Pero como el destino no hace acuerdos, los protervos negocios los llevaron al fracaso. Sierra fue tomado con las manos en masa al hacer construir una sucursal del FECC que fue un fiasco arquitectónico, porque muerto el arquitecto, Sierra, director entre 2001-2015, decidió intervenirlo a su manera; años durante los cuales, “como hijo que era de paisas”, había escamoteado enormes sumas y las cuentas del debe y el haber no cuadraron, favoreciendo, como curador, empresas inescrutables de herederos de algunos de sus enamorados, o de demenciales mujeres de las artes cuyos frenesíes ideológicos farianos le hacían temer denuncias. Terminó refugiándose en manos de otra banda de facinerosos que han hecho del fisco dedicado a la cultura en Cali, el pozo de la dicha de sus riquezas. Murió de una de las pestes del siglo, contraída por la impericia en el 50/50. El fiasco de Jaramillo Agudelo merece epílogo aparte, pero se dice que se vio obligado a renunciar a sus privilegios por haber comprado una millonaria suma de libros españoles, durante las elecciones del segundo mandato de Alvaro Uribe, infringiendo la Ley de Garantías Electorales, y el otro Uribe, un hidalgo paisa que era gerente general del BR, no le perdonó.
Catorce años tuvo en sus manos Dario Jaramillo Agudelo, con la interpuesta presencia de Juan Camilo Sierra, los negocios e intereses del FCEC. Años de los tres gobiernos mexicanos más corruptos del siglo XXI [Fox, Calderón, Peña Nieto], cuando la subsidiada empresa de libros estuvo también al servicio de los meros intereses personales de Gonzalo Celorio, Consuelo Sáizar, Diez-Canedo y Carreño, más interesados en seguir escalando que vigilando los negocios de sus sucursales.

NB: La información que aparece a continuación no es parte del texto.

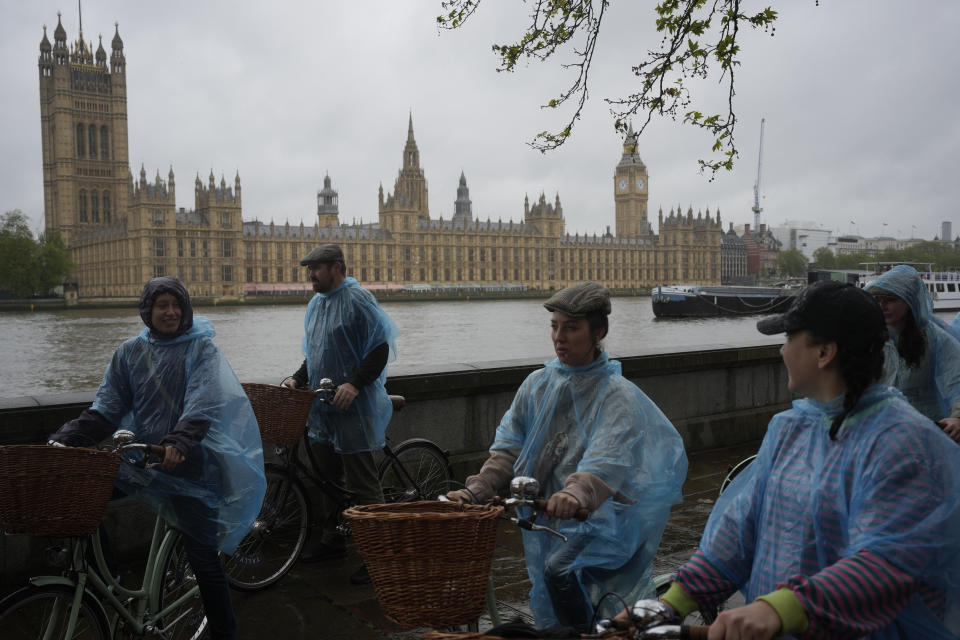 Tourists on a cycle tour in wet weather plastic macs, cycle past the Houses of Parliament, in London Friday, May 3, 2024. Britain's governing Conservative Party is suffering heavy losses as local election results pour in Friday, piling pressure on Prime Minister Rishi Sunak ahead of a U.K. general election in which the main opposition Labour Party appears increasingly likely to return to power after 14 years. (AP Photo/Kin Cheung)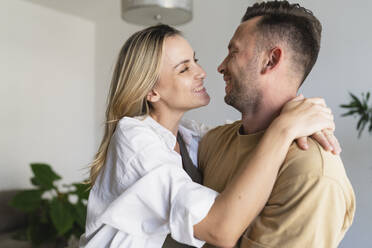 Glücklicher Mann und glückliche Frau umarmen sich zu Hause - SVKF01744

A la salida de Sierra Restrepo del FCEC, el gobierno de Peña Nieto nombró a un economista mexicano para sanear la empresa, pero con López Obrador, que entregó el fondo a un lunático, para quien hubo de cambiar las leyes y hacerle mixteca, eligió, de la manada de seudo escritores inventados por Luz Mery Giraldo y mantenidos por el Ministerio de Cultura, a un rey que se paseaba desnudo: Nahum Montt, que firmó contratos multimillonarios entre el FCEC con tres sociedades de uno de sus ocho hijos; obligó a los empleados a firmar cláusulas de confidencialidad; hizo despidos colectivos; ordenó ampliar el parqueadero del Centro Cultural Gabriel García Márquez, mientras se daba la gran vida con la tarjeta de crédito corporativa.

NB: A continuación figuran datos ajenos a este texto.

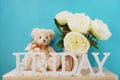 Friday word decorative letters with whit peony flower and teddy bear on wooden background Royalty Free Stock Photo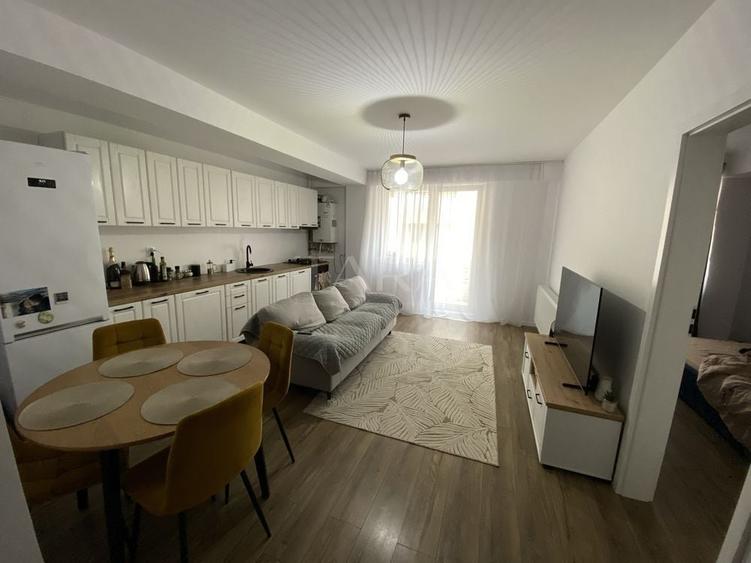 Apartament cu 2 camere semidecomandat, mobilat în Baciu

A los despropósitos de que se imputa a la señora Rocha, habría que sumar los camelos en que incide el FCEC al promover publicistas para impedir se tornen enemigos o revelen desatinos. Digamos Hellman Pardo, José Luis y Federico Diaz-Granados, Juan Manuel Roca, María Mercedes Andrade, Mery Yolanda Sánchez, Piedad Bonet, Ramón Cote Bonald, Rodrigo Parra Sandoval, Velia Vidal, William Ospina, o Julián Malatesta, cuyo opúsculo se ha incluido, nada más y nada menos, que al lado de Borges, Cassirer, Gordon Childe, Heidegger, Jaeger, Steiner, Levi Strauss o Akcroyd, y es conocido de autos, pues participa activamente en toda clase de levantamientos estudiantiles desde los años setenta, derrocando rectores y colocando decanos, es uno de los furibundos defensores del estalinismo estético y de esa patraña subtitulada Festival de la Poesía de Metrallo. Por no repetir que fue guarura de un senador de la Unión Patriótica y que con su arma desnotada se mató el Mono Berdella de la Espriella. Pero de eso, ya nadie se acuerda.